#### [PROBLEM REQUIREMENTS]
Transcribe the listing exactly, skipping every picture.

#### [GIVEN DATA]
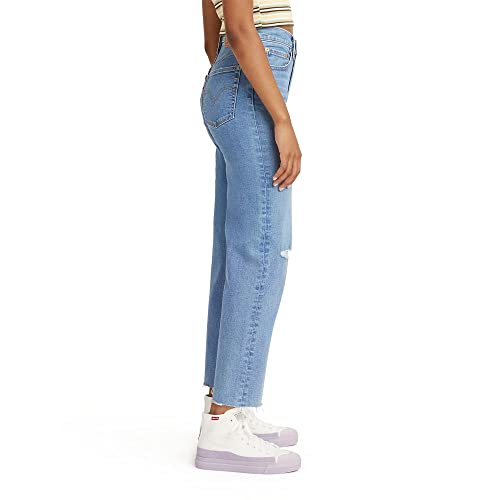 Image of Levi's Women's Ribcage Straight Ankle Jeans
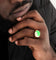 Wild For The Weekend Yin Yang Signet Ring (Medium) Gold
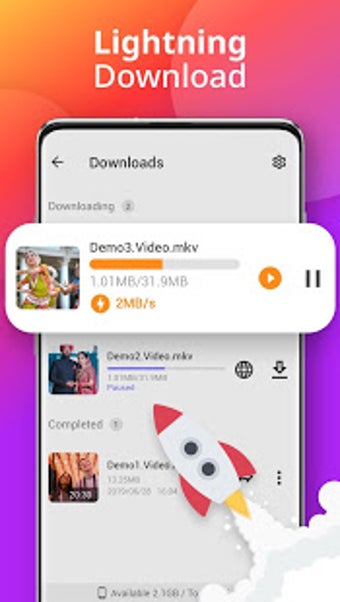 Image 1 for Downloader - Free Video D…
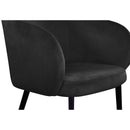  Color_Black -- Meridian Louise Dining Chair IMAGE 6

#### [THE COMPLETED TASK]
 Image of Levi's Women's Ribcage Straight Ankle Jeans
 Wild For The Weekend Yin Yang Signet Ring (Medium) Gold
 Image 1 for Downloader - Free Video D…
  Color_Black -- Meridian Louise Dining Chair IMAGE 6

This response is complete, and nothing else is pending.